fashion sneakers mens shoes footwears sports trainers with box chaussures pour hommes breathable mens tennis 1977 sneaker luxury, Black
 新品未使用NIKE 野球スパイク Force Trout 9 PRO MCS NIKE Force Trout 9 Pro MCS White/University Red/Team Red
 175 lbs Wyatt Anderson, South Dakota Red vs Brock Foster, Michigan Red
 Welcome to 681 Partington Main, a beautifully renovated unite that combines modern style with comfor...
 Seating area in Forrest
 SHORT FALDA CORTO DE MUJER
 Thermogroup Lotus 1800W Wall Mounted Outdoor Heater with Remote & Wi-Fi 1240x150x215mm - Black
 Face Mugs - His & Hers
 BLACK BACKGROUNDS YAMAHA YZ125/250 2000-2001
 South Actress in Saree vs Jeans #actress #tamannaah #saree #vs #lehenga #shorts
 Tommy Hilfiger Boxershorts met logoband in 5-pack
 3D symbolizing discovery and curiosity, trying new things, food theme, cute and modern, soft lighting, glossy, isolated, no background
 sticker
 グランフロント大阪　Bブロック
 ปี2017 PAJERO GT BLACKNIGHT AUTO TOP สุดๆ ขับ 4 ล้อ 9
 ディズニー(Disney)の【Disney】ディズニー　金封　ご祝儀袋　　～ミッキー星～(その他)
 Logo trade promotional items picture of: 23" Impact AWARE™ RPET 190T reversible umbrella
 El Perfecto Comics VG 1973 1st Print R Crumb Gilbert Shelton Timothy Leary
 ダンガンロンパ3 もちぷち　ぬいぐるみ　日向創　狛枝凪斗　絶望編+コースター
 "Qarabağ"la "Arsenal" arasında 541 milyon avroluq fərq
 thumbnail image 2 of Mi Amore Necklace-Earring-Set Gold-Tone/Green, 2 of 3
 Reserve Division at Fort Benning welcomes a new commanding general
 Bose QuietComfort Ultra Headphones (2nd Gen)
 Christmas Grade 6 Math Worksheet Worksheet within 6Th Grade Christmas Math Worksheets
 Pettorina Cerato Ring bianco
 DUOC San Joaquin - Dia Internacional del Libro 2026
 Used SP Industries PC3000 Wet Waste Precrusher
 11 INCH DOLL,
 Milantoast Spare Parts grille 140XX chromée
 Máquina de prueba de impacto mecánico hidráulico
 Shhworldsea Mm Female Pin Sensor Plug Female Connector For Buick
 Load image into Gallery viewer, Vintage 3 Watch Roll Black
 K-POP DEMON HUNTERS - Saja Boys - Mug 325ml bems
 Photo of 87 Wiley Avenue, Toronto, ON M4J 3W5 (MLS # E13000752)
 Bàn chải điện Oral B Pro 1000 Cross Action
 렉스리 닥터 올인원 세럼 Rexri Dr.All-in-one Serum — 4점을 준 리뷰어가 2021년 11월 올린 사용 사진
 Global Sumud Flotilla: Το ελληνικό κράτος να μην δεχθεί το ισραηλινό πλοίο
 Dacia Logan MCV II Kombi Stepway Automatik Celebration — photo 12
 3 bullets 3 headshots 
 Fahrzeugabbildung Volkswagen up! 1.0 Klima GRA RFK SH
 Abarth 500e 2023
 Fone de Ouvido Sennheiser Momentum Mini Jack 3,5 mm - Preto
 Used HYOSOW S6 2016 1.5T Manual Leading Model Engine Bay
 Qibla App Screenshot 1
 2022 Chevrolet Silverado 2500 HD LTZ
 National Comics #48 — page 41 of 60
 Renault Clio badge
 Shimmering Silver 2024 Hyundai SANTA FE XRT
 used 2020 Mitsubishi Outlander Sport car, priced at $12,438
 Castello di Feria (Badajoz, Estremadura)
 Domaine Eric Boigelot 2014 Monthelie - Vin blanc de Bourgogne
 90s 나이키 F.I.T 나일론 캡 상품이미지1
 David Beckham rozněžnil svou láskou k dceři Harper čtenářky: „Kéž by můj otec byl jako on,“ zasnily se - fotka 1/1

◆ ◆ ◆ ◆

◆ Problem details ◆
All lines above that contain the word "image" are to be copied.

◆ Solution ◆
 thumbnail image 2 of Mi Amore Necklace-Earring-Set Gold-Tone/Green, 2 of 3
 Load image into Gallery viewer, Vintage 3 Watch Roll Black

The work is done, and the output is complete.